Gabarito: B — I, II e IV.
Justificativa da alternativa correta
- I. Adultos com sintomas respiratórios, especialmente tosse com/sem expectoração ≥3 semanas, são “sintomáticos respiratórios” e devem coletar escarro para baciloscopia. Isso alinha-se ao MS: triagem ativa de tosse prolongada em adultos.
- II. Alterações pulmonares na radiografia que possam ser compatíveis com TB (infiltrados/apicoposteriores, cavitações, adenopatias) são indicação de investigação bacteriológica (baciloscopia, e idealmente TRM-TB/Xpert).
- IV. Contatos de caso bacilífero com queixas respiratórias devem realizar baciloscopia, pois têm maior probabilidade de doença ativa e de transmissibilidade.

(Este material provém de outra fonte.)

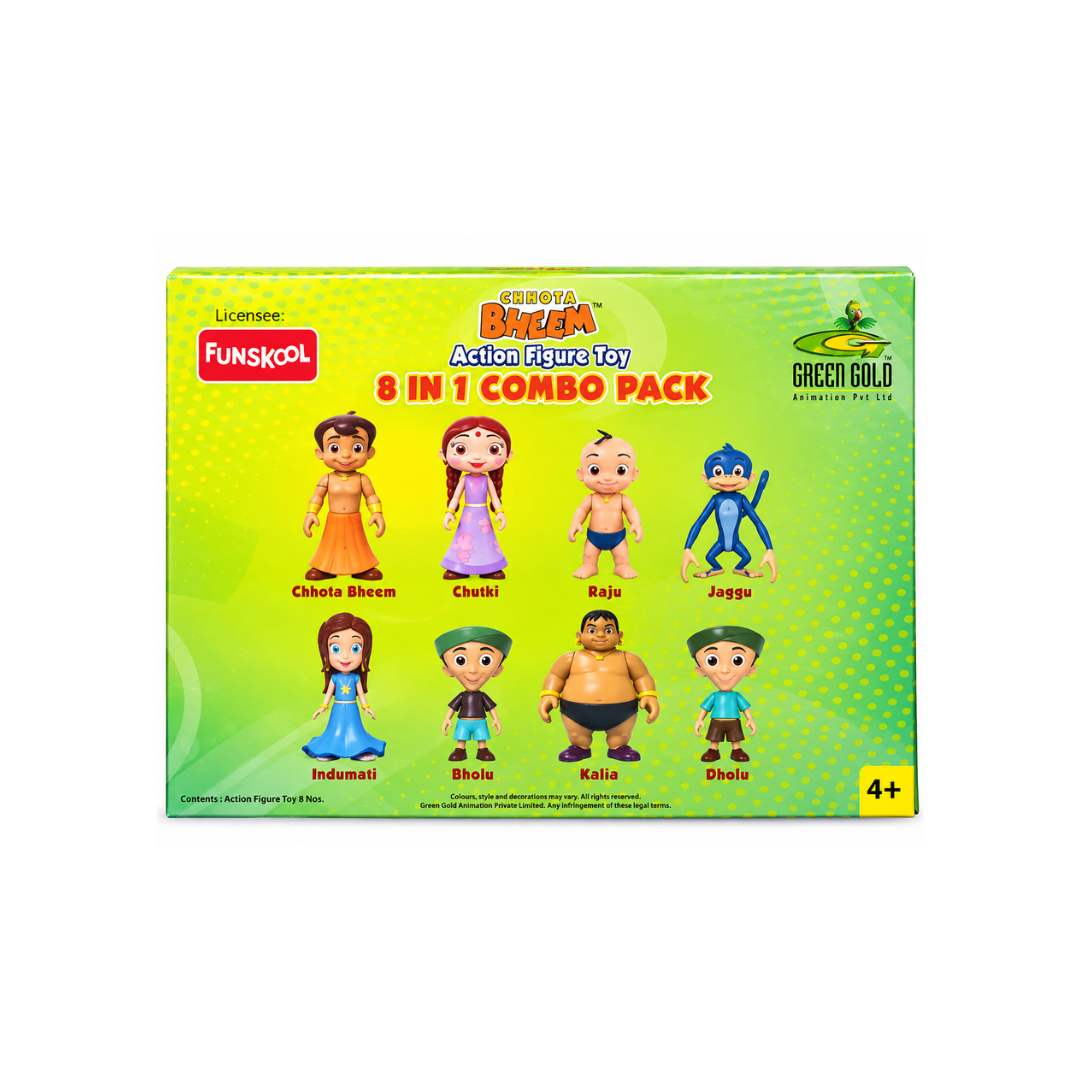 Funskool Chhota Bheem and Friends with Articulation 8IN1 4 Inch Action Figure Pack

Por que as demais alternativas estão incorretas?
- III. Quando a radiografia é suggestiva de pneumopatias não tuberculosas (ex.: pneumonia bacteriana típica lobar, abscesso claro, neoplasia típica), não é indicação “sempre” de baciloscopia. Investiga-se TB quando há suspeita clínica/radiológica para TB; se a imagem afasta TB, a coleta de escarro não é mandatória. A pegadinha é o termo “não tuberculosas”, que exclui a hipótese principal.
- A (I, II, III): inclui o item III, que não é indicação rotineira.
- C (I, III, IV): novamente incorpora o III indevidamente e omite o II, que é indicação clássica.
- D (I, II, III, IV): incorreta por incluir o III.
Estratégia de prova: Identifique palavras-chave: “tosse ≥3 semanas”, “alterações radiográficas compatíveis”, “contato bacilífero sintomático”. Desconfie de afirmações absolutas que indiquem baciloscopia quando a própria alternativa diz que as imagens são “não tuberculosas”.
Complemento prático: Sintomas de TB: tosse crônica, febre vespertina, sudorese noturna, emagrecimento. Exames: baciloscopia (duas amostras), TRM-TB/Xpert como teste inicial preferencial quando disponível (MS/OMS), cultura e teste de sensibilidade, radiografia. A baciloscopia permanece crucial para avaliar infectividade e monitorar tratamento.
Referências: Ministério da Saúde – Manual de Recomendações para o Controle da Tuberculose; OMS – Consolidated guidelines on TB; Harrison’s Principles of Internal Medicine; UpToDate.